Les recommandations de Pierre Rion

 Gérard Ponce, à Carpentras, Le soleil de Carpentras, est un grossiste en truffes très fiable.
Soleil Carpentras
 La Truffe noire à Bruxelles
La truffe noire
 L’Air du temps : travaille très bien la truffe en saison
L'Air du temps
 Pierre Gagnaire sert en saison une mousse au chocolat à la truffe divine.
 Une omelette toute simple à la truffe reste inégalée : enfermer au préalable les œufs dans une boîte étanche avec une truffe pour que son parfum les imprègne, les battre, y ajouter un peu de crêpe, et les déposer dans un saladier au bain-marie à 63°, pour que l'omelette reste baveuse. Râper la truffe par-dessus.

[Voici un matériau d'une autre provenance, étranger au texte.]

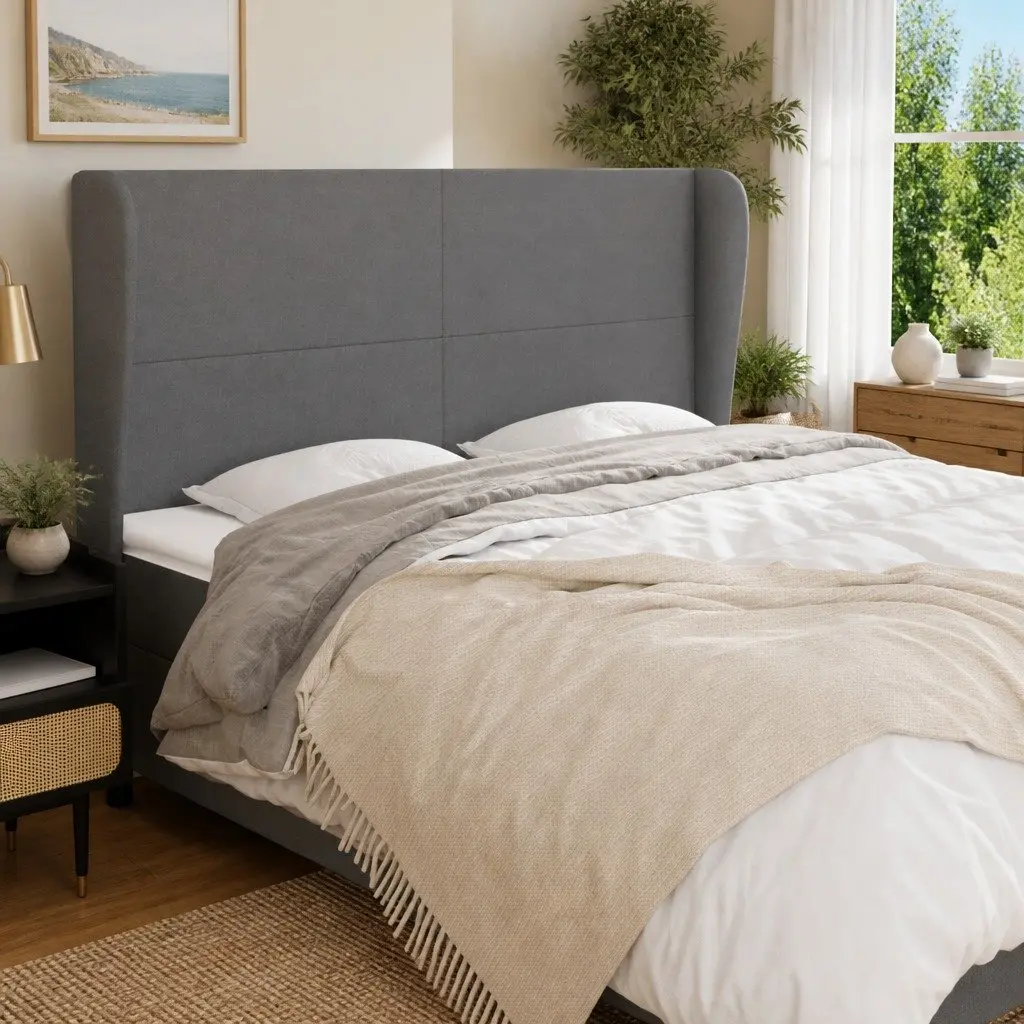Grey Fabric Headboard with Ears Adjustable Height 163cm Bedroom Back Support
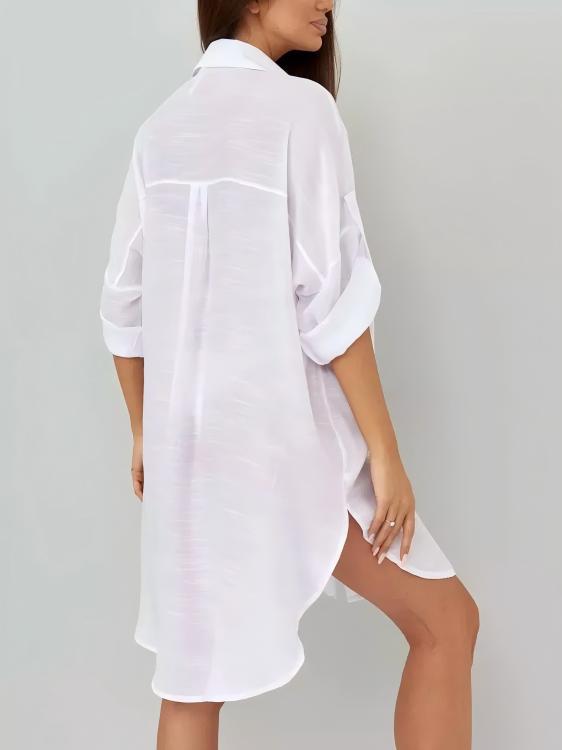 Casual Resort Solid Color Tunic, Bikini Shirts, Sun Protection Shirt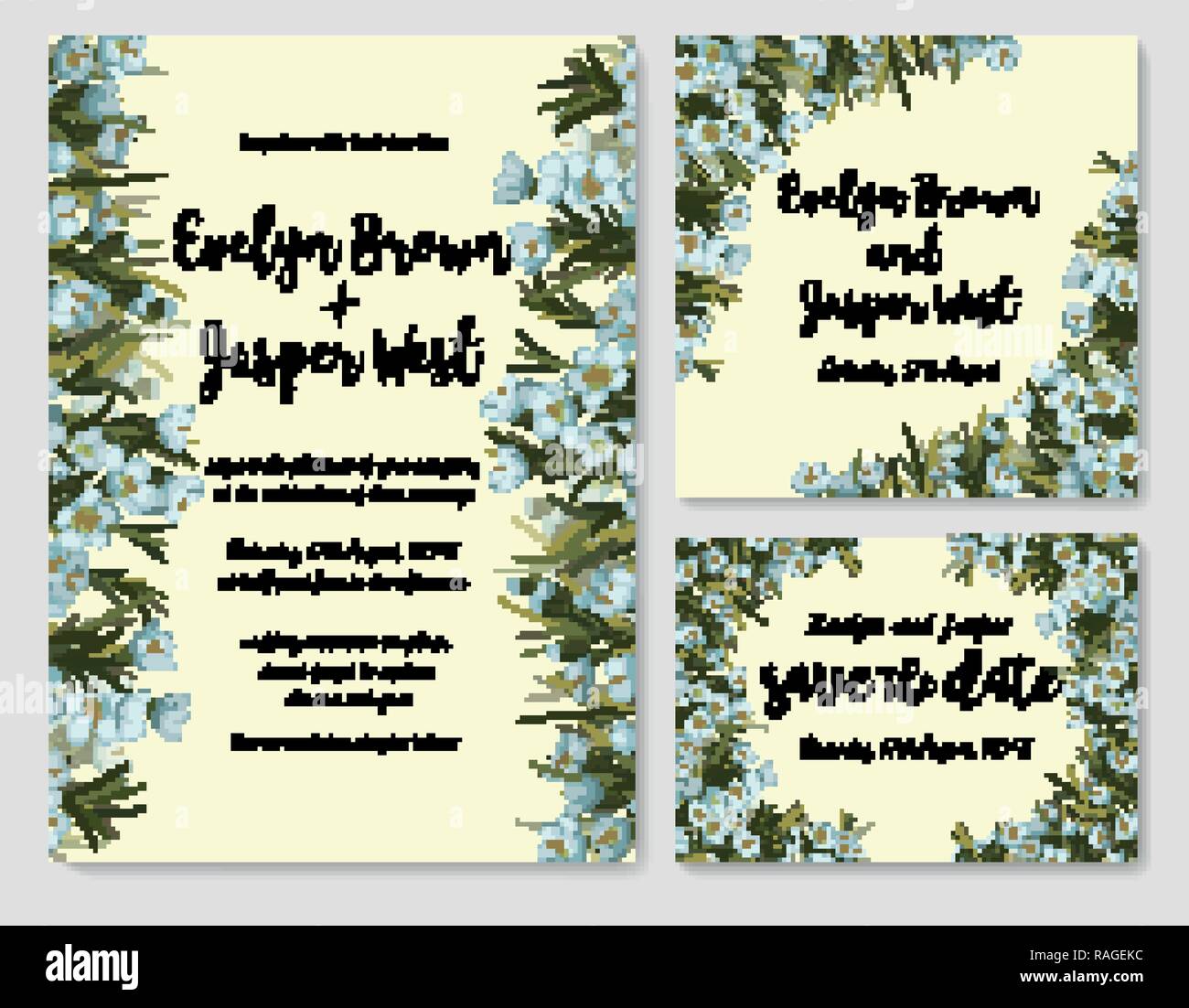 Blue green save date Stock Vector Images - Alamy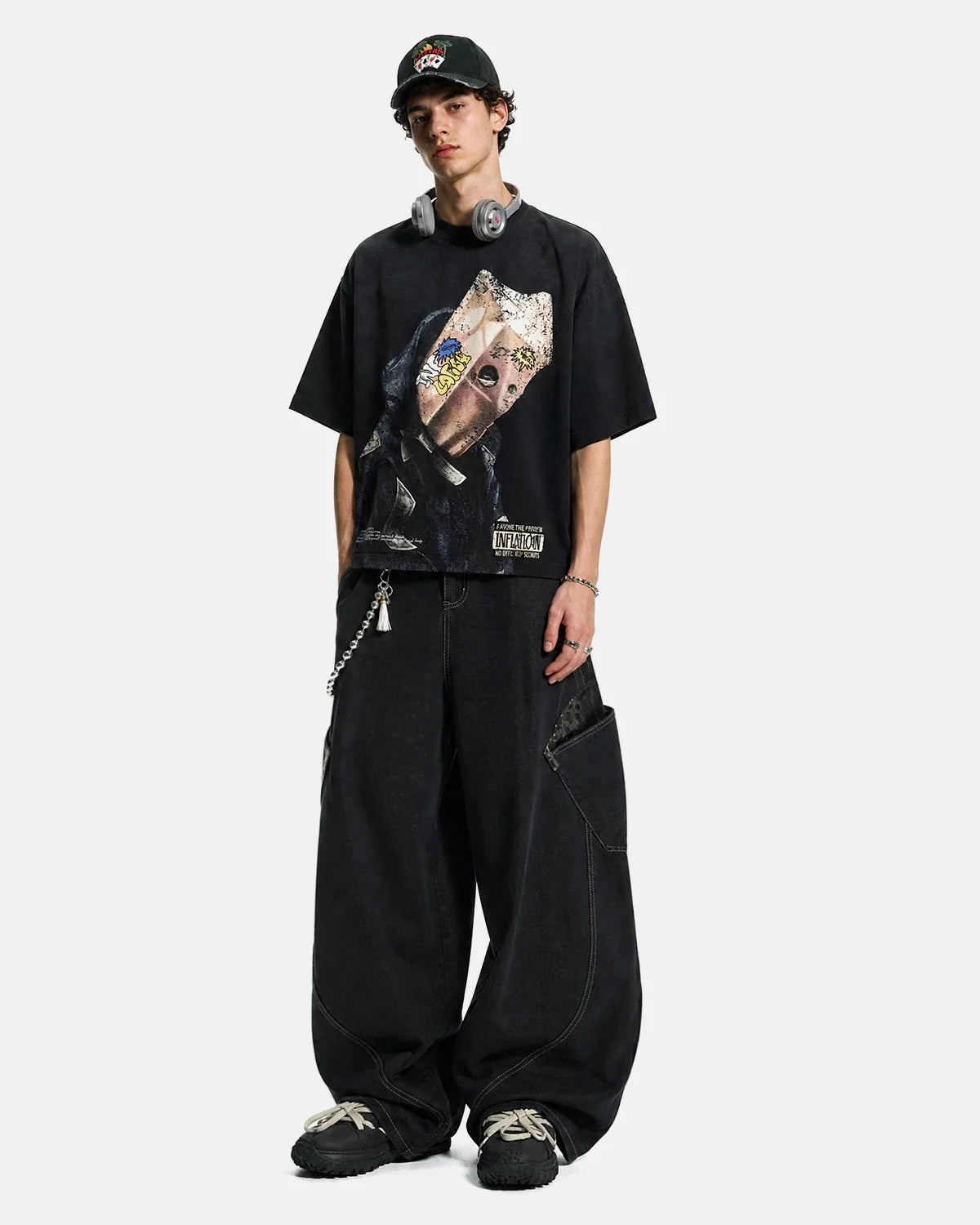 T-shirt oversize boxy en coton à imprimé graphique – vue 3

C’est un grand moment !
 Autre moment d’extase : faire réduire un jus de truffe avec un fond de porto, monter au beurre, tartiner des petits toasts au beurre dans lequel on a émietté des truffes, déposer un morceau de truffe, et couler par-dessus la crème de porto.
 Un peu plus sophistiqué : glisser quelques lamelles de truffe sous la peau d’une volaille de Bresse ou d’un chapon, et laisser reposer 2-3 jours au frigo. Cuire à 70 °C durant 5 heures : la volaille très tendre aura un goût truffé délicat.
 Dans la cuisine moléculaire, on sublime la truffe en la passant au mixer avec un extrait truffé, du beurre ou de l’huile et un émulsifiant, par exemple du blanc d’œuf. Mettre dans un siphon, sorte de récipient sous pression avec du gaz carbonique : l’émulsion décuple les arômes de la truffe qui sont mélangés à l’air.